• What this task involves
Begin at the top of the entries below and write out every line through the one containing "Nuobesty 12pcs 3D", excluding pictures.

• Source data
#####

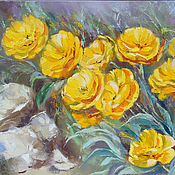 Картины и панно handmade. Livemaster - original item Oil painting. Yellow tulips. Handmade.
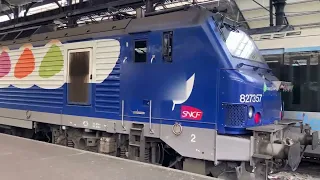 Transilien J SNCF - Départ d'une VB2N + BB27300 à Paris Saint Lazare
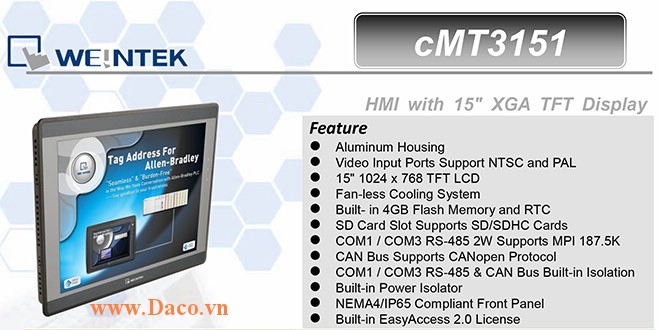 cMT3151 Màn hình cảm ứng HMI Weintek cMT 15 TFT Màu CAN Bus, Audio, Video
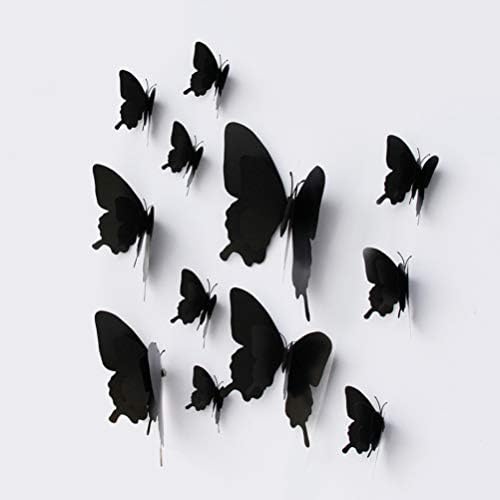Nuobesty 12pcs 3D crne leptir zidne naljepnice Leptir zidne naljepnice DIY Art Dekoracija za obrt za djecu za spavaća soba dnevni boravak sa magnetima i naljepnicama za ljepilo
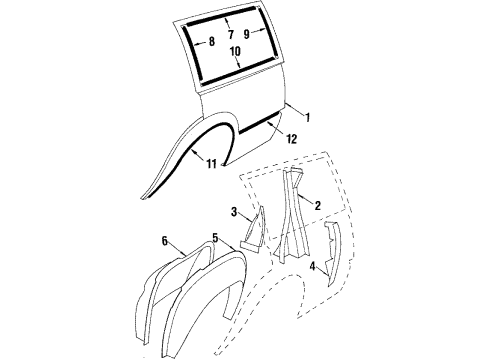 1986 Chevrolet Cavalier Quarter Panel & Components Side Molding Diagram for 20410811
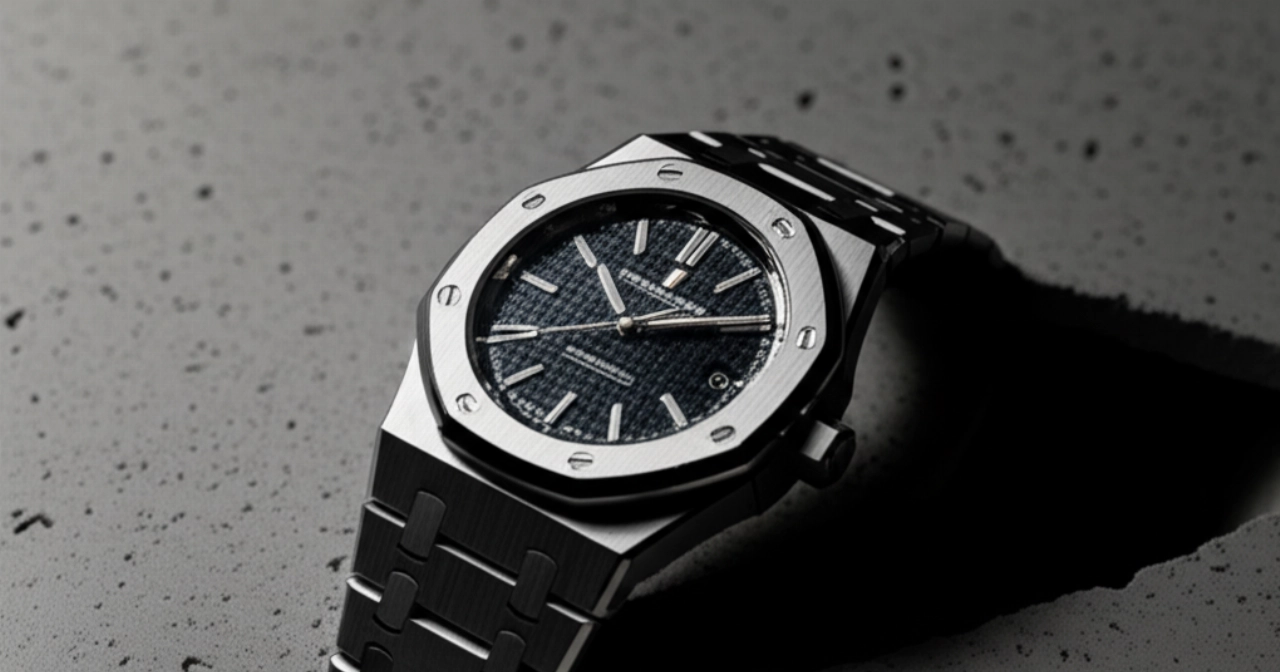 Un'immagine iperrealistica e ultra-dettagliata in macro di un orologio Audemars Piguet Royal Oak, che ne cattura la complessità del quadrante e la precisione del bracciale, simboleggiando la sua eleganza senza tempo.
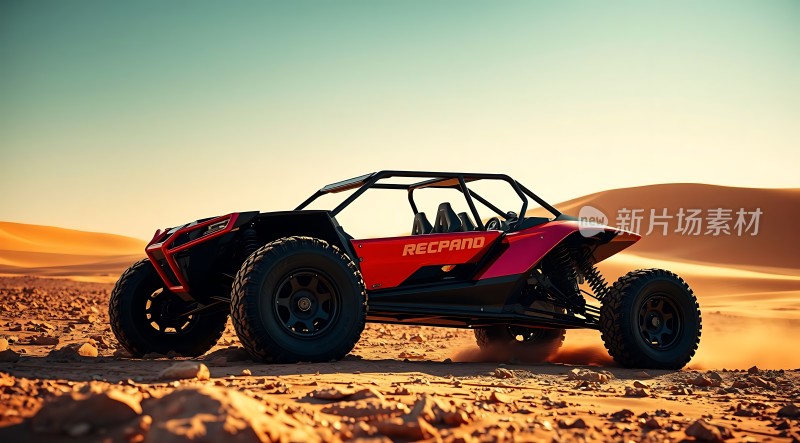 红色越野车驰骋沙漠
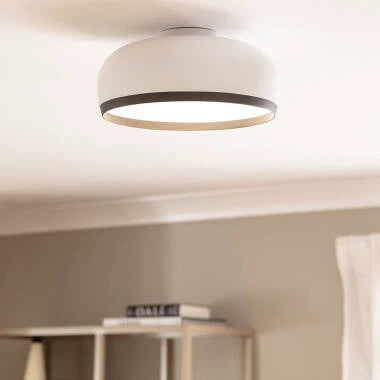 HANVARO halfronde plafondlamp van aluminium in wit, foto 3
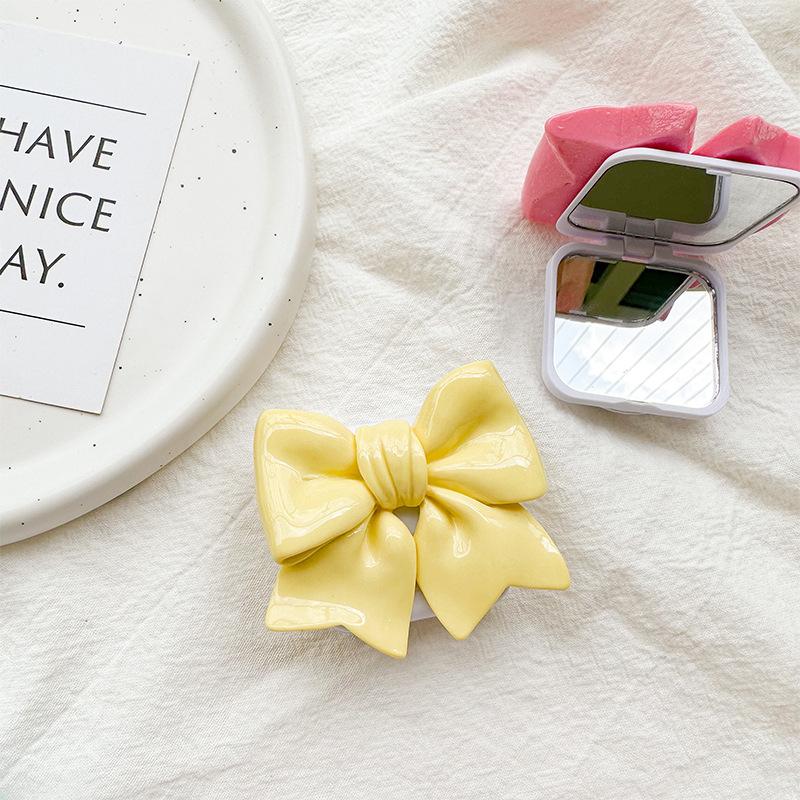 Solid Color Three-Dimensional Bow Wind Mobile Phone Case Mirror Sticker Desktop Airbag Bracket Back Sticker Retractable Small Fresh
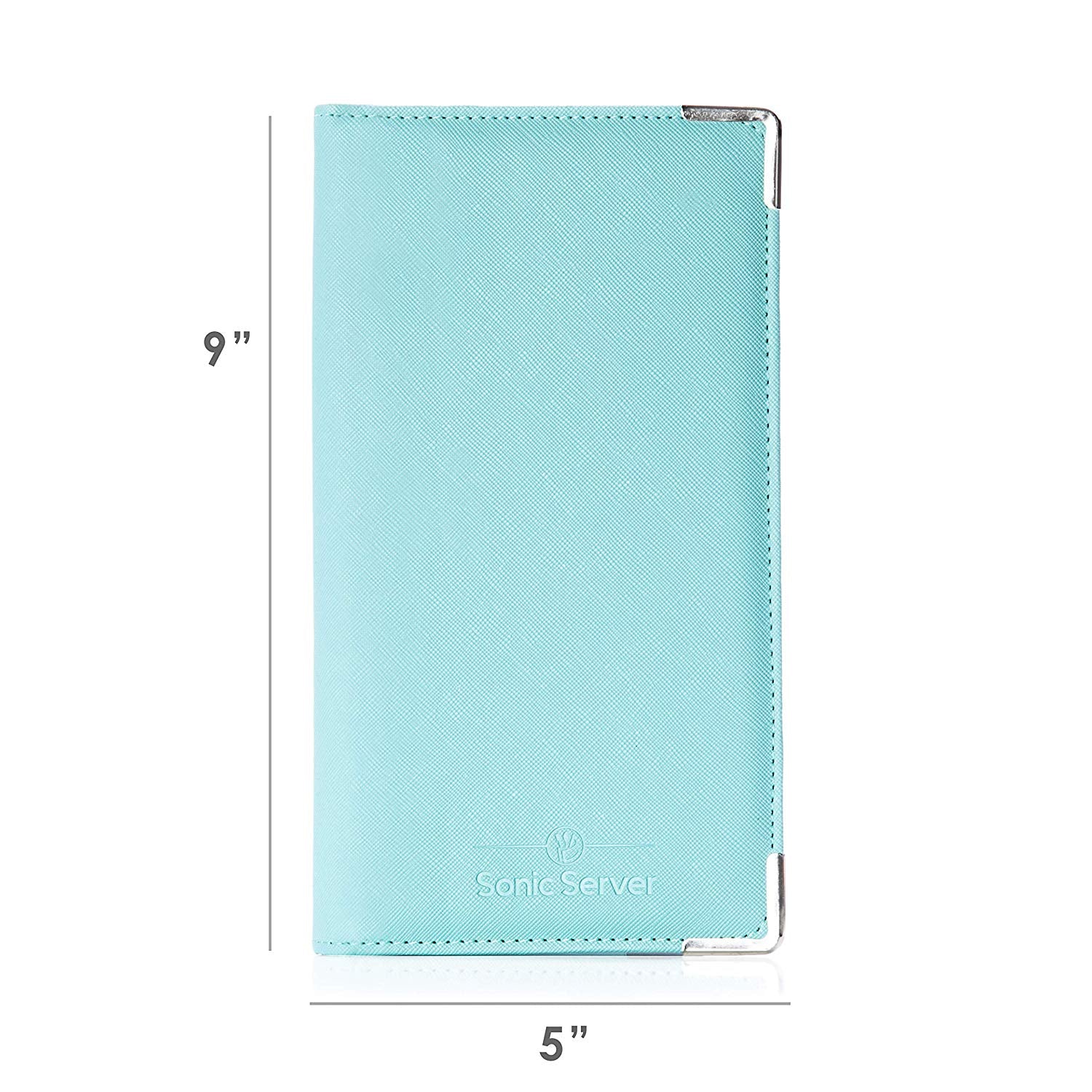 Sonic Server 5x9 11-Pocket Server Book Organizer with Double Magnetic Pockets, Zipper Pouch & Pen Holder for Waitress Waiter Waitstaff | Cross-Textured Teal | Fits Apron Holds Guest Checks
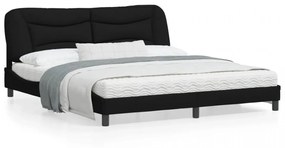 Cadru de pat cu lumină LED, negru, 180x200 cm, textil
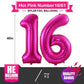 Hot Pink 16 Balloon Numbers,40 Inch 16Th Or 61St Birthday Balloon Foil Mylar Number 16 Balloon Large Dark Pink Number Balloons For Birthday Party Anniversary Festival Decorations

#####

• The completed task
 Картины и панно handmade. Livemaster - original item Oil painting. Yellow tulips. Handmade.
 Transilien J SNCF - Départ d'une VB2N + BB27300 à Paris Saint Lazare
 cMT3151 Màn hình cảm ứng HMI Weintek cMT 15 TFT Màu CAN Bus, Audio, Video
Nuobesty 12pcs 3D crne leptir zidne naljepnice Leptir zidne naljepnice DIY Art Dekoracija za obrt za djecu za spavaća soba dnevni boravak sa magnetima i naljepnicama za ljepilo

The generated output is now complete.